I’m sure a lot of people are wondering why we just don’t go out there and drag huge nets around till we collect all the trash. Picture that happening in a soup of trash that is possibly twice the size of the continental United States. As well, most of the plastic is in such small pieces that it would bypass the nets anyway. Trying to clean up the Pacific gyre would bankrupt any country and kill wildlife in the nets as it went.

The National Oceanographic and Atmospheric Administration (NOAA) is aggressively using satellites to identify and remove “ghost nets,” abandoned plastic fishing gear that never stops killing. (A single net recently hauled up off the Florida coast contained more than 1,000 dead fish, sharks, and one loggerheaded turtle.)

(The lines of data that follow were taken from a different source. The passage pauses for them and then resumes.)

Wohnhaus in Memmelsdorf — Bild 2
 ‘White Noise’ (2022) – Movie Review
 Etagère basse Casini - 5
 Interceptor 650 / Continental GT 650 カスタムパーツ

When it comes to capturing and cleaning up the plastic, there is no practical method to capture the liquid graveyard of waste. Most experts agree that cleaning up the tiny pieces already swirling in ocean currents thousands of miles from land is impossible. That being said, the number one objective we face is how to capture it all. This is where technology is uncertain. Moore, the man who discovered the mess in 1997, didn’t put the situation lightly. “All this BS about going out there and scooping this stuff up--you can’t scoop this stuff up! No way in hell you’re going to get that out of there--it’s just not feasible! The idea that there is this convergence zone’ in the gyre, and the plastic waste all goes there, it’s coming from other places and screwing up those parts of the ocean too. No matter where you are, there’s no getting over it, no getting away from it, it’s a plastic ocean now.” (Doucette, 2009)


Cleaning up the garbage patch does indeed appear to be impractical considering the man power, funding, technology, and later disposal methods it would take to make it possible. It would also further endanger innocent sea life. Twenty five percent of our planet is a toilet that never flushes and the only way we can stop it is through prevention.


Doucette, K. (2009, October 29). An ocean of plastic. Rolling Stone, (1090), 54-57.